An esoteric distinction, but a firm one nonetheless. In Dutra v. Mercy Medical Center Mt. Shasta, an employee sued the hospital where she worked for defamation and wrongful termination in violation of California public policy. The employee, who worked as a housekeeper, made a workers' compensation claim in January 2008 after she slipped while dragging a laundry bin across a snow-slicked alley. She was then fired in March 2008, after which she filed a lawsuit claiming wrongful termination in violation of California's public policy of not allowing discrimination or retaliation against employees who make workers' compensation claims, as established in California Labor Code Section 132a. Public policy wrongful termination claims, sometimes referred to as "Tameny" claims (after the case from which the claim originated), are common law tort claims that mirror claims already established by statute. For example, if a statute specifically prohibits discrimination on the basis of race, an employee fired because of race can make both a statutory claim and a claim wrongful termination because race discrimination violates fundamental public policy, as established by the statute. But in Dutra, the court held that employees cannot sue for wrongful termination on the basis of Labor Code Section 132a, which prohibits retaliation against employees who make workers' compensation claims, because that statute specifically limits any such claims to the Workers' Compensation Appeals Board (i.e., employees can only make 132a claims to the WCAB). According to the court, employees cannot have greater rights in wrongful termination claims than they have in the substantive statutory claims that the wrongful termination claims mirror. So because 132a limits claims only to the WCAB, employees cannot make an end-run by bringing wrongful termination claims in court.
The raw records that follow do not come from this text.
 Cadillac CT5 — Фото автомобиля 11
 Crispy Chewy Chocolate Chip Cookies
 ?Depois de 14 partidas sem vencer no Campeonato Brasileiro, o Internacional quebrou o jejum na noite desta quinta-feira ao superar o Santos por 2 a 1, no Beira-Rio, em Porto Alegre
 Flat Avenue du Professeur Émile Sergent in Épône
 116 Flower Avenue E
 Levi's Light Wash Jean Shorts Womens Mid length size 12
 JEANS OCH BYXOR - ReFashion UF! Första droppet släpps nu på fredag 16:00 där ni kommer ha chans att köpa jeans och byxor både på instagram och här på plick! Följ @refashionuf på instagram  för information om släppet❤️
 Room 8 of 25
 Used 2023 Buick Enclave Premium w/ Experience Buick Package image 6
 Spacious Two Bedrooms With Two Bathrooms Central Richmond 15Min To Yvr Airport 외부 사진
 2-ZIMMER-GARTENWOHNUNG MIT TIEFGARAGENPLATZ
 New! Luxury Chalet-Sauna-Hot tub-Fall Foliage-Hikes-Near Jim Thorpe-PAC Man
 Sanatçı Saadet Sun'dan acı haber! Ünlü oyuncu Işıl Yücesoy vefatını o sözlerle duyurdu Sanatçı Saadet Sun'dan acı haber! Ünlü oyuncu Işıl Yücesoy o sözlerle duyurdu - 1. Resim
...never forget to file a separate statement of facts! That's the lesson from Batarse v. Service Employees International Union Local 1000, in which an appellate court upheld dismissal of a discrimination and retaliation case because the employee forgot to include a separate statement of facts with his opposition to the employer's motion for summary judgment. In its ruling, the court cited both the "golden rule" of summary judgment (if evidence is not included in a separate statement then it "does not exist"), as well as a general lack of evidence of unlawful conduct by the employer, the SEIU. The SEIU purportedly fired the employee, a labor relations representative, because he had not disclosed relevant issues about his past during his job interview (mainly, that he had resigned as a lawyer with numerous complaints pending against him).